Hospitalized, medical patients with rheumatoid arthritis (RA) have a two-fold increased risk for venous thromboembolism (VTE), compared with patients who do not have RA, a US study has revealed.

“RA is not generally considered to be a risk factor for VTE, although abnormalities of coagulation factors have been found in patients with RA,” say Paul Stein and colleagues from St Joseph Mary Oakland Hospital in Pontiac, Michigan.

“Sparse data in a few patients suggest that patients with RA may have higher rates of VTE.”

To determine if the incidences of pulmonary embolism (PE) and deep vein thrombosis (DVT) are increased in hospitalized patients with RA, Stein and co-investigators obtained the number of patients discharged from hospitals throughout the USA between 1979 and 2005 with a discharge code for RA using the National Hospital Discharge Survey (NHDS).

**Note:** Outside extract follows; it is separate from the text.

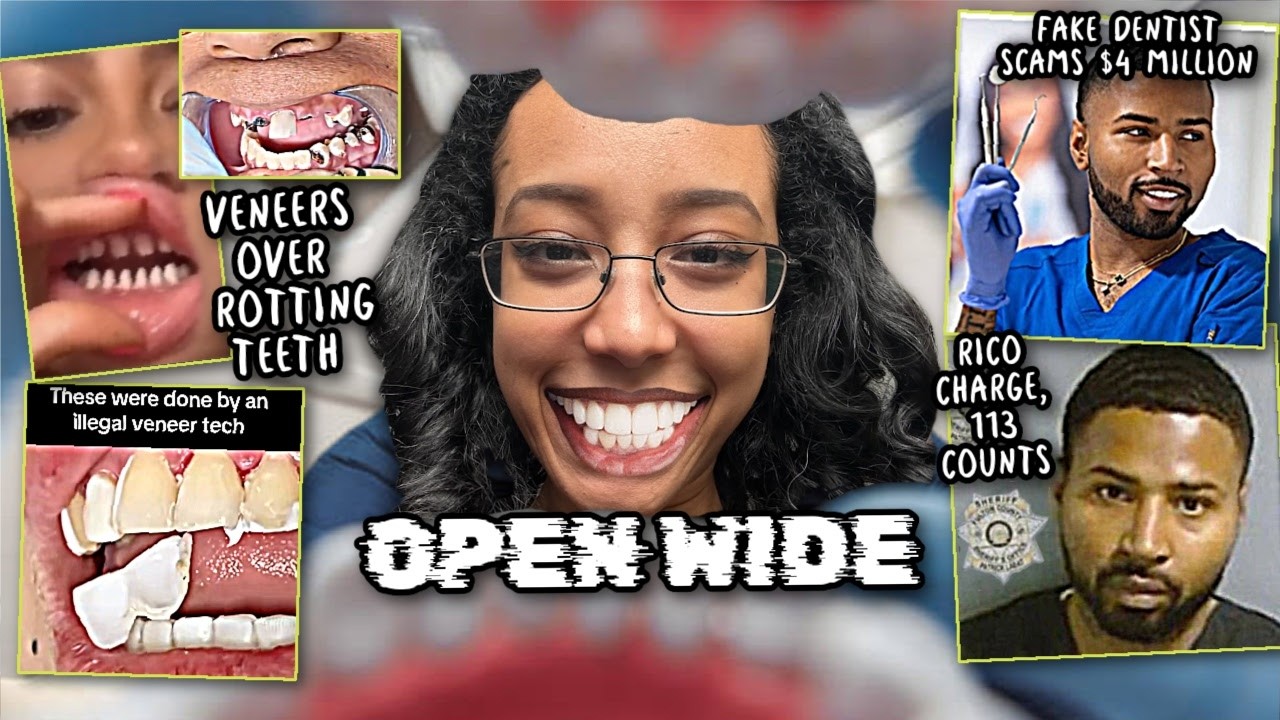 Your natural teeth CAN’T be THAT bad 😬- The Rise of Veneers & The Veneer Tech Scam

They then determined the number of patients with PE, DVT, or VTE, which was defined as PE and/or DVT.

Among hospitalized patients with RA who did not have joint surgery, 41,000 (0.85%) of 4,818,000 had PE compared with 3,366,000 (0.38%) of 891,055,000 patients who had neither RA nor operations or joint surgery.

DVT was diagnosed in 1.64% of patients with RA and no joint surgery, compared with 0.86% who did not have RA or a joint operation.

Overall, the relative risk for VTE in medical RA patients was 1.99 compared with patients without RA or joint surgery. The risk was higher in African Americans than Caucasians and in women than men.

Interestingly, there was no difference in the risk for VTE in patients with RA who underwent surgery compared with non-RA surgical patients. Stein et al reason that this is probably due to thromboprophylaxis given prior to surgery.

“The data suggest that RA is a risk factor for VTE in hospitalized medical patients,” the researchers conclude in the journal Thrombosis and Haemostasis.

“A heightened awareness of the risks for VTE and a lower threshold for evaluation of patients for possible DVT or PE would be appropriate in caring for hospitalized patients with RA.”